広島のマツダを訪問した際も、本社の応接室ではなく、テストコースに案内して「お好きなクルマにどうぞ」というツボを押さえた歓待だったことが紹介されました。
豊田社長がマツダの「人馬一体」「Be a driver.自分たちが走らせて退屈だと思うクルマは、絶対につくらないと決めている」というクルマ造りのコンセプトを称賛しているのは、社交辞令ではなく本心のように思えます。
その思想を、とかく「80点主義」と言われる自社のエンジニアにも取り込みたいのだと思います。
なお、豊田社長は「カーオブザイヤー」について、「当社はあまり縁がない」と表現し、対してマツダは「私の在任中だけでも2度も取っている」と話し、うらやましがってましたw
ちなみに、前述の2014年の東京モーターフェスでは、各社の社長が当然ながら最新型で登場する中、マツダの小飼社長は25年前の初代ロードスターで登場して「このクルマで、我々は世界中のユーザーに育ててもらった」とコメントし話題になりました。
小飼社長は4:50頃、豊田社長は5:43頃
マツダが欲しいミライ技術
マツダは、2000年頃は水素を燃料とするロータリーエンジンを研究開発し、2013年には小型のロータリーエンジンを発電用として搭載したデミオEV試作車を発表しました。
しかし、マツダ自らが認めているように、潤沢ではない経営資源を内燃機関や駆動系の効率化及びデザインに集中した結果、スカイアクティブ、特にクリーンディーゼルが評価され、セールスも順調です。
その分、ハイブリッドやバッテリー技術、そして燃料電池車の開発は遅れている、というより、されていないと言った方がいいでしょう。
トヨタは燃料電池の主要特許を公開していますから、それよりさらに踏み込んだ技術がマツダに提供されることが期待されます。
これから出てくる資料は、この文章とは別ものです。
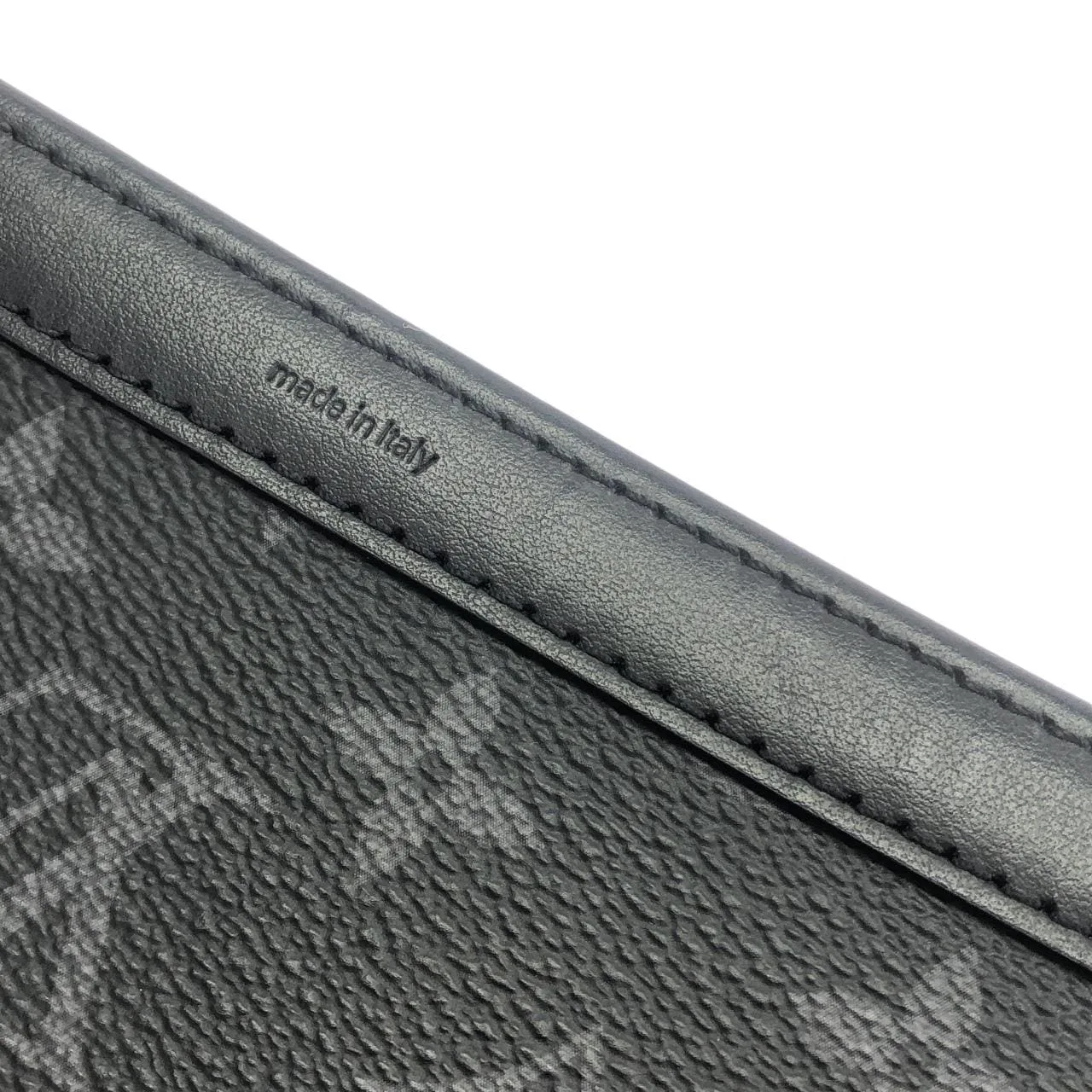 LOUIS VUITTON Eclipse M81124 肩背包 Monogram 黑色 Monogram 中古品A - 縮圖 5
また小飼社長は「トヨタの厳しい判断基準をクリアするために最高の人材を投入しなければならない」とも語りましたので、メキシコ工場でトヨタ車の生産を請け負うことにより、トヨタの高度な生産管理や生産技術を習得したいと考えているのだと思います。
なお、MIRAIの納期は「2018年以降となる見通し」となっています。え?今年は何年だっけ?w
ですので、マツダに提供されたとしても、発売はもっとずっと先となるでしょう。
トヨタは『大きなサイフ』ではなく
豊田社長は、1990年にマツダの防府工場見学が技術交流の発端だったというエピソードを紹介していました。
ちなみに、豊田社長は「ボウフ」と言ってましたが「ホウフ」ですよw
また豊田社長は、「トヨタというとすぐに『お金』と見られるが、『もっといいクルマ』を作る会社に『ReBORN』したいと頑張っている」
「マツダさんからは『大きなサイフ』ではなく、『もっといいクルマをつくるためのパートナー』と思っていただけるようにしたい」と、現時点での資本提携の可能性を否定しました。